I’m not saying this is the norm or even typical. Most founders are well intentioned and in it for the long haul, of course. This is just another of the myriad problems in figuring out what’s real given the oversupply of seed capital in the market today.

If you’re thinking of starting a business, think about it as a minimum of 5 years and likely 10+ years. That’s what it’s going to take to be successful. And that’s the commitment you should make before taking money from outside investors.


file under: Blog, Startups, Venture Capital

76 responses to “Giving up the ghost early

  1. Wow. What a great post today, David. I’m feeling encouraged seeing these words from you. Sharing on twitter now.

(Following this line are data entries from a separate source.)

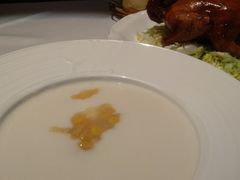 -太平馆西餐厅(北京路店)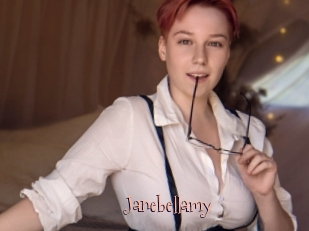 Janebellamy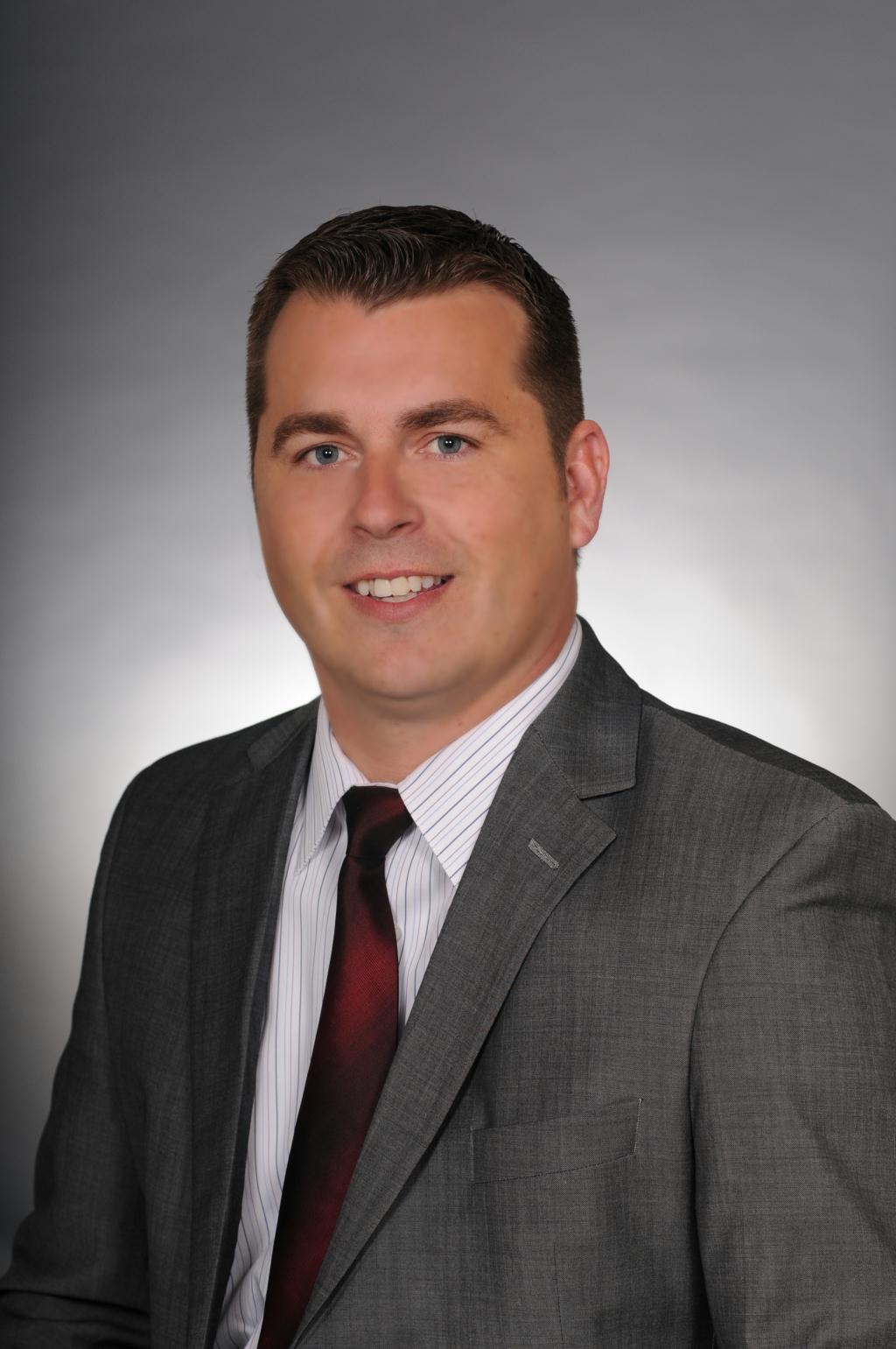 General Manager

  2. I’m surprised more founders don’t take the harder road of dialing down the company and continuing to work on it nights, weekends, etc. Could be 1 founder getting a job to pay the bills, another doing contract work to pay the other’s salary or both going full time and continuing to push sales when they have time, but it seems like this rarely happens. After you’ve put all that time and effort into the product why not continue the fight in whatever way possible rather than start over? David, is this as rare as I think or do you see it sometimes?

    1. it happens. but the scenario i’m talking about is more about a founder deciding it’s not going perfectly and they can start over anew with other peoples money.

  3. Thank you for sharing your thoughts. We encounter such founders too. Although not significantly high, it is enough to put me on an alert. Just curious if they all share similar characteristics that could be flagged out earlier before we decided to make an investment. Seed money on average is about S$250K, ranging from S$50K to S $500K, insufficient for a comfortable pay cheque but at the right amount for some to treat it as a 6 months to a year project.

    1. i don’t have enough data points to draw a conclusion like that yet, but soon perhaps if this continues.

    2. Hi Rosalind,

      Have you read the book MINDSET by Carol Dweck? I think you may find some answers to your question about “similar characteristics.”

      1. I’ve often found that advice which to some may seem so self-evident as to not merit disseminating can be eye-opening to others. Even those which may believe a thing can benefit greatly from having their beliefs externally reinforced.

        This was written very well!

  4. David – really happy you posted this. As you know i’ve co-founded two companies (Qloud and Kapost). The first was successful in that we were a music service that grew to have over 20 million monthly users. The second has achieved product-market fit and is growing fast. In both cases the first year sucked. We had almost no revenue and at 10-12 months time we had to completely throw away everything we had done. But we had learned a lot. Learned things you can’t learn from watching from on the sidelines.

    Only when you immerse yourself in your product and market and customers will you find the best opportunity and that takes time. It’s hard.

    I’m glad you reminded people of that.

  5. Maybe you’re seeing good founders with bad ideas doing this. I know a few mediocre founders (no previous exits) with good ideas who are struggling to raise seed, even in this environment (SF and Boston based).

    Bias check?

        1. If by both ways you me that you have to know when to hold ’em and know when to fold ’em, then … yes.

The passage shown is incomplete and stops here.